Il y a plus de 20 ans, on regardait le «Grand Bleu» de Luc Besson (1) et on se perdait au fond de la Mer. Le film nous disait : «Ben, oui, la mort existe mes petits loulous. C’est triste hein ?». Les grands ados du «Grand Bleu» ont grandi depuis 1988 : ils ont aujourd’hui 40 ans et ils sortent toujours leurs petits mouchoirs, pleurant chaudement encore aux enterrements. «Mince, semblent-ils dire, c’est con, hein ? On a beau faire, la Mort ça existe toujours».

«Grand Bleu», «Camping 1 et 2», «Petits Mouchoirs» : en tous les cas, la mort de ce cinéma, ce n’est pas pour demain. Il est toujours à l’agonie, n’en finit pas de mourir mais – paradoxe – il reste plus vivant que jamais sur nos écrans. Et BiBi, grand nigaud devant petits films, fait partie des trois millions de français qui ont couru voir le film.

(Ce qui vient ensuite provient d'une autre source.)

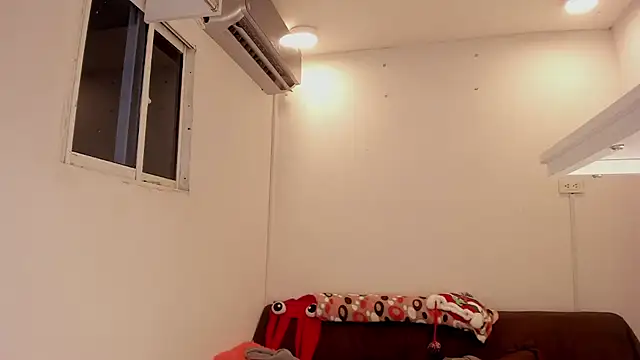 Snapshot of meganrossee69 chatting on 12.27.24 meganrossee69 online show from 12.27.24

Et même qu’il avoue : « J’ai beaucoup pleuré avec François, Marion, Benoît, Gilles et les autres. Je me suis longuement mouché dans mon petit mouchoir lors de cette incroyable séquence finale de la sépulture. Car, pour moi, tout triste à la fin du film de Canet, c’était peut-être bien le Cinéma qu’on avait enterré».

___________________________________________________

(1) C’est Europa Corp Distribution de Luc Besson qui a commandé, financé, distribué le film de Canet. Du «Grand Bleu» aux «Petits Mouchoirs», ainsi la boucle est bouclée.